Key rule change: feature bundles must be local-first. A feature bundle should include only the files needed to use that feature locally. Platform-specific automation files (.github/workflows/*, .gitlab/) belong in dedicated platform overlay bundles, not in the feature bundle itself.

Concretely, GitHub workflow files are moved out of feature bundles and into new GitHub-specific overlay bundles:

  • github-tests: CI/CodeQL/weekly workflows for the tests feature
  • github-book: book publishing workflow for the book feature
  • github-marimo: Marimo notebook workflow for the marimo feature
  • github-docker: Docker build and publish workflow for the docker feature
  • github-devcontainer: DevContainer publish workflow for the devcontainer feature

These overlay bundles have standalone: false and requires: the corresponding feature bundle and the github bundle.

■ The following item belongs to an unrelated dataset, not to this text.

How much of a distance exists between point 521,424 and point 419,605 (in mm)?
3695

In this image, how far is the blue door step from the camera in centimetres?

The existing github bundle keeps base GitHub repository automation: the sync and release workflows, dependabot.yml, issue and discussion templates, and secret scanning.

Layer 2: Profiles (new)

A new top-level profiles: section in template-bundles.yml defines named presets that expand to a set of bundles.

Rules:

  • profiles do not own files directly
  • profiles reference bundles only, not raw file paths
  • profiles represent stable, tested user intents rather than every possible combination
  • selecting a profile is equivalent to selecting all its constituent bundles
  • users may combine profile selection with additional manual bundle selection

Initial profiles:

  • local: local-first development with no hosted workflow files
  • github-project: GitHub-hosted project with CI/CD and release automation
  • gitlab-project: GitLab-hosted project with GitLab CI pipelines

Config

Downstream projects will be able to express profile selection in .rhiza/template.yml:

repository: Jebel-Quant/rhiza
ref: v0.9.0

profiles:
  - local

templates:
  - presentation    # any extra bundles beyond the profile

rhiza-cli is responsible for expanding profiles to bundles, merging manual bundle selections, deduplicating, and validating the result. The CLI implementation is a separate concern; this ADR covers the template repository structure and metadata.

Consequences

Positive

  • Clean local mode: Selecting the local profile installs no .github/workflows/* files. Projects that do not use GitHub Actions get exactly what they need.
  • Explicit platform separation: It is now clear which files belong to the feature and which belong to its GitHub automation. Bundle names reflect this — tests is the feature; github-tests is the GitHub automation layer for that feature.
  • Better onboarding: Profiles give rhiza init a recommended starting path without forcing users to understand every bundle upfront.
  • Composable: Power users retain full control by selecting individual bundles. Profiles are an addition, not a replacement.
  • GitLab parity: The split makes it straightforward to produce matching gitlab-tests, gitlab-book, and similar overlay bundles for GitLab CI in a follow-on step, without restructuring feature bundles again.

Neutral

  • More bundles: The total bundle count increases as each feature bundle gets one or more platform overlay siblings. The template-bundles.yml file grows. The existing automated structure tests mitigate risk.
  • Migration for existing consumers: Downstream projects using bundles such as tests today will need to explicitly add github-tests if they want the CI workflows. The github-project profile bundles both, so profile users are unaffected.

Negative

  • CLI changes required: Profiles are defined in the template repository, but consumed by rhiza-cli. Until the CLI supports the profiles: key in .rhiza/template.yml, users can approximate local mode by selecting only local bundles manually, or the CLI can expand profiles at init time and write the resulting bundle list.
  • Profile maintenance overhead: Profiles must be kept current as bundles are added or renamed. Automated tests enforce that every bundle referenced in a profile exists.